Personal information
- Date of birth: March 24, 1980 (age 46)
- Place of birth: Philadelphia, Pennsylvania, United States
- Height: 5 ft 3 in (1.60 m)
- Position: Forward

College career
- Years: Team / Apps / (Gls)
- 1998–2002: Virginia Cavaliers /  / (30)

Senior career*
- Years: Team / Apps / (Gls)
- 2003: Washington Freedom
- 2003: Philadelphia Charge
- 2004: Asker Fotball

International career
- United States U16
- United States U17

= Darci Borski =

American soccer player

Darci Borski is a retired American soccer player who played in the Women's United Soccer Association (WUSA).

== Early life and education ==
Borski is the daughter of former US Congressman Robert Borski.

She grew up in Philadelphia and attended Nazareth Academy High School, where she played for the girls' soccer team. During the high school career, she scored 100 goals and numerous state and national honors, including being named the Catholic Academies League most valuable player four times, as well as the Pennsylvania's Gatorade State Player of the Year. After her graduation, the school retired her number 10 jersey.

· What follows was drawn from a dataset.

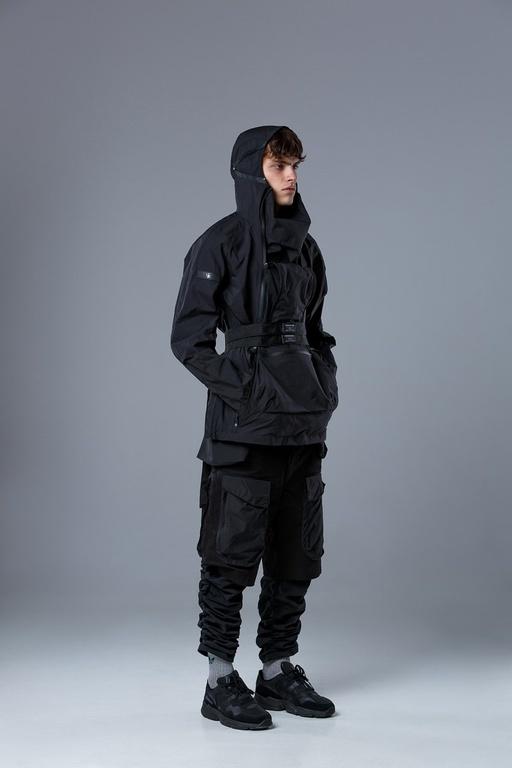 A man wearing a RIOT DIVISION black outfit featuring a technical jacket and pants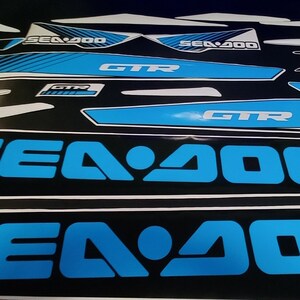 May include: A set of blue and black Sea-Doo decals featuring the text "Sea-Doo", "GTR", and "ROTAX" in white. The decals are designed for a watercraft.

After high school, she attended the University of Virginia, where she earned a Bachelor of Arts in religious studies. She later earned a master's in elementary education from Chestnut Hill College.

== Career ==

=== Athletic career ===
Before graduating from high school, Borski participated in the EPYSA Olympic Development Program and competed on the United States women's national under-16 and under-17 soccer teams for four years.

While studying at the University of Virginia, Borski played for the school's soccer team, where she "earned All-American, All-Tournament and Second Team All-ACC honors."

In 2002, Borski made her professional debut playing for the Philadelphia Charge. The following year, she was drafted in WUSA's third round to play for the Washington Freedom, though WUSA folded later that year. She also played professionally with Asker Fotball in Norway, as well as for the Hampton Roads Piranhas in the USL W-League.

=== Coaching ===
After completing her professional athletic career, Borski took on jobs coaching women's soccer teams, including at Germantown Academy (2005–2011) and William Penn Charter School, where she was also the school's associate athletic director. In 2007, she was named the Southeastern Pennsylvania (SEPA) Coach of the Year, followed by the SEPA Hall of Fame Coach of the Year and Times Herald Coach of the Year in 2008. Under her guidance, the Germantown Academy team was ranked 13th in the nation by ESPN and named the 2008 Philadelphia Inquirer Team of the Year. The following year, she was yet again named the Times Herald Coach of the Year.

== Honors ==
In 2015, Borski was inducted into the Southeastern Pennsylvania Soccer Hall of Fame.